8th Wall is an industry leader in WebAR – AR that can be accessed through a browser rather than through a headset or dedicated application. They’ve done some groundbreaking things in the last few years but Face Effects, their new tools for face filters, are a definite game-changer.
Introducing Face Effects
“At 8th Wall, we’re on a mission to make (extended) reality content available for everyone and were doing that by honing the power of the open web,” 8th Wall’s VP of Product Tom Emrich said in a zoom interview last week, which included an early demo of the tool. “8th Wall has now become the first web development platform to release face effects tools.”
The Face Effects tool, which launched on the first day of the Augmented World Expo, works by overlaying a face mesh with a collider onto a head occluder, according to 8th Wall Interaction Designer Rigel Benton.
The face mesh is the scaffold that the digital elements rest on, while the collider means that other digital elements interact with the user’s face rather than passing through it. The head occluder prevents digital elements from being seen through the head.
Digital elements can be anchored to any number of points on the user’s face, including the bridge of the nose, chin, each eyebrow, etc.
The face filters can be used for digital artefacts like glasses, hats, etc. However, the face mesh, or portions of the face mesh, can also be filled or removed to create partial masks. Benton is particularly excited about a feature that plays video over the face mesh.

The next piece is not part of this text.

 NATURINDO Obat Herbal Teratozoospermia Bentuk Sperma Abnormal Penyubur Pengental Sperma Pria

“What’s interesting about things like videos is that, because it’s just a video, you could use a live feed or a feature film,” said Benton. “It makes it really accessible for people who aren’t 3D-first but maybe really know their way around (video editing tools).”
Using the Tool
8th Wall’s face filter tool can work on a website accessed by a mobile device, or on a laptop or web-cam-connected desktop. In working as a desktop WebAR experience, the tool is a first for 8th Wall.
“This is really exciting for us as we’ve been mobile-based up to this point,” said Benton.

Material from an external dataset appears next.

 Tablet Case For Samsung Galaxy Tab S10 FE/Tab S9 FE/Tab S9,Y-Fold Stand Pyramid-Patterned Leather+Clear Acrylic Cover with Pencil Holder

The tool should also be exciting to web developers looking to incorporate WebAR into their businesses and experiences.
Prior to this tool, web developers needed to build their own WebAR experiences from scratch or work with social media companies that allow XR. Building experiences from scratch was difficult and expensive and working with social media companies meant a loss of control, both over the product and the data associated with it.
“The big thing about 8th Wall Face Effects is that the developers are free to create a face effect that is really going to maximize their return on investment,” said Emrich. “With 8th Wall, they’re going to be able to launch face effects that can leverage live APIs. These face effects can be on any website and with our recent in-line capabilities, you can actually embed the content.”

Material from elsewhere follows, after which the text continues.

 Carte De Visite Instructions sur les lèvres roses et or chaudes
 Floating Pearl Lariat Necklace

The example that Emrich gave for using Face Effects with live APIs was an “end-to-end virtual try-on.” Users of the site would be able to scroll through glasses, hats, makeup, etc., pick a product, use the WebAR experience to try it on, and then add it to a cart, all from the same page.
Getting Face Effects
The WebAR tool gives users access to the code that they can use as a template to create their experiences and even make real-time changes. However, users can also use their own images, videos, textures, and models.
“We always provide our developers with the code templates to help our users get up and running,” said Emrich.
The tool is currently available to the public at www.8thwall.com.